Multi-Query Attention (MQA) is a refined version of the Multi-Head Attention (MHA) algorithm that improves computational efficiency without sacrificing much in terms of model accuracy. In standard MHA, separate linear transformations are applied to the Query (Q), Key (K), and Value (V) for each attention head. MQA diverges from this by using a single shared set of Keys (K) and Values (V) across all heads, while allowing individual transformations for each Query (Q). Although this approach was first introduced in 2019, it has only been recently popularized by models such as PaLM and Falcon. This is illustrated below:

class  MultiQueryAttention(Attention):
    r"""
    https://arxiv.org/pdf/1911.02150.pdf
    """
    def __init__(self, word_size: int = 512, embed_dim: int = 64, n_query:int=8) -> None:
        super().__init__(word_size, embed_dim)
        self.n_query = n_query
        self.proj = nn.Parameter(torch.empty(embed_dim * n_query, embed_dim))
        nn.init.xavier_normal_(self.proj)
        delattr(self, 'query')
        self.querys = nn.ModuleList([
            nn.Linear(in_features=word_size, out_features=embed_dim, bias=True)
            for _ in range(n_query)
        ])
        self.key = nn.Linear(in_features=word_size, out_features=embed_dim, bias=True)
        self.value = nn.Linear(in_features=word_size, out_features=embed_dim, bias=True)
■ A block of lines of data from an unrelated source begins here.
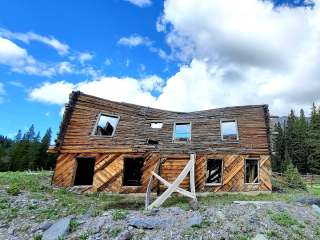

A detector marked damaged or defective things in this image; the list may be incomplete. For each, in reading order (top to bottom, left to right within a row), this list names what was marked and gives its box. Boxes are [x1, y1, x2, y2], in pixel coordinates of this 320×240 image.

broken window frame [91, 112, 120, 137]
broken window frame [172, 122, 192, 142]
broken window frame [219, 119, 239, 142]
broken window frame [122, 157, 144, 187]
broken window frame [205, 159, 222, 186]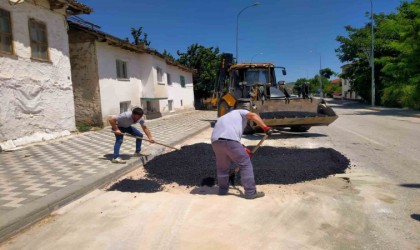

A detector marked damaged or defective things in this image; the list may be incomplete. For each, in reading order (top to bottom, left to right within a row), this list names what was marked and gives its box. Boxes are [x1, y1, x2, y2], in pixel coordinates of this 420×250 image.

black asphalt patch [144, 144, 352, 187]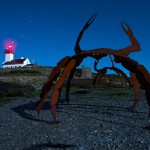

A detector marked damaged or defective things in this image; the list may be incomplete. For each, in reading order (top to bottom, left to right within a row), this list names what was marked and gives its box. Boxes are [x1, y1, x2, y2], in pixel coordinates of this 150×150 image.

rusty metal [36, 13, 150, 125]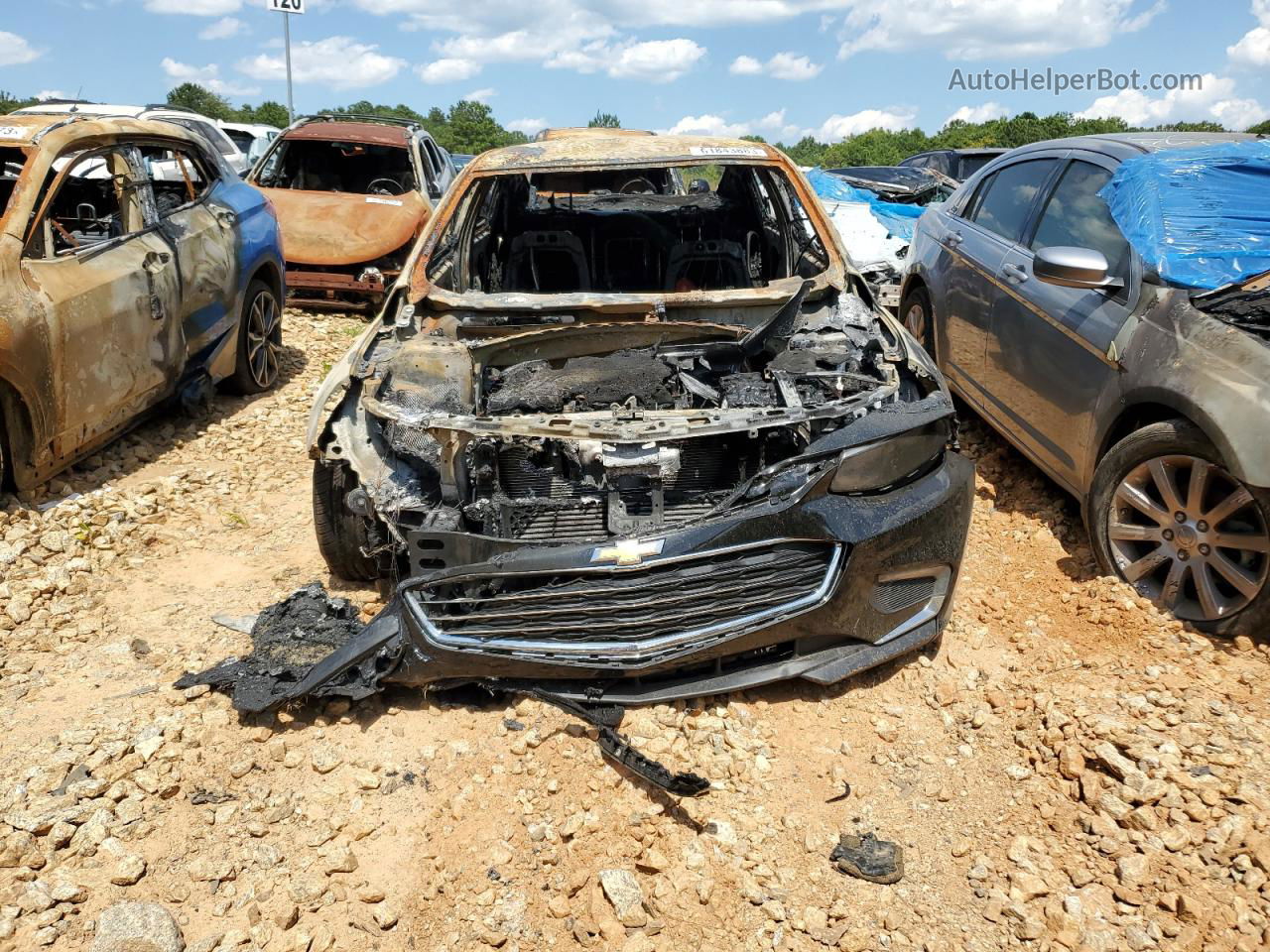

    def forward(self, x: Tensor) -> Tensor:
        K = self.key(x)
        V = self.value(x)
        Z_s = torch.cat([
            self.self_attention(query(x), K, V) for query in self.querys
        ], dim=1)
        Z = torch.matmul(Z_s, self.proj)
        return Z

with improvements in:

  • Memory Space: Sharing K and V across all heads dramatically reduces the memory footprint. This is critical for handling long sequences without choking your hardware.
  • Memory Bandwidth: With fewer unique transformations, the computational cost in terms of memory bandwidth also drops.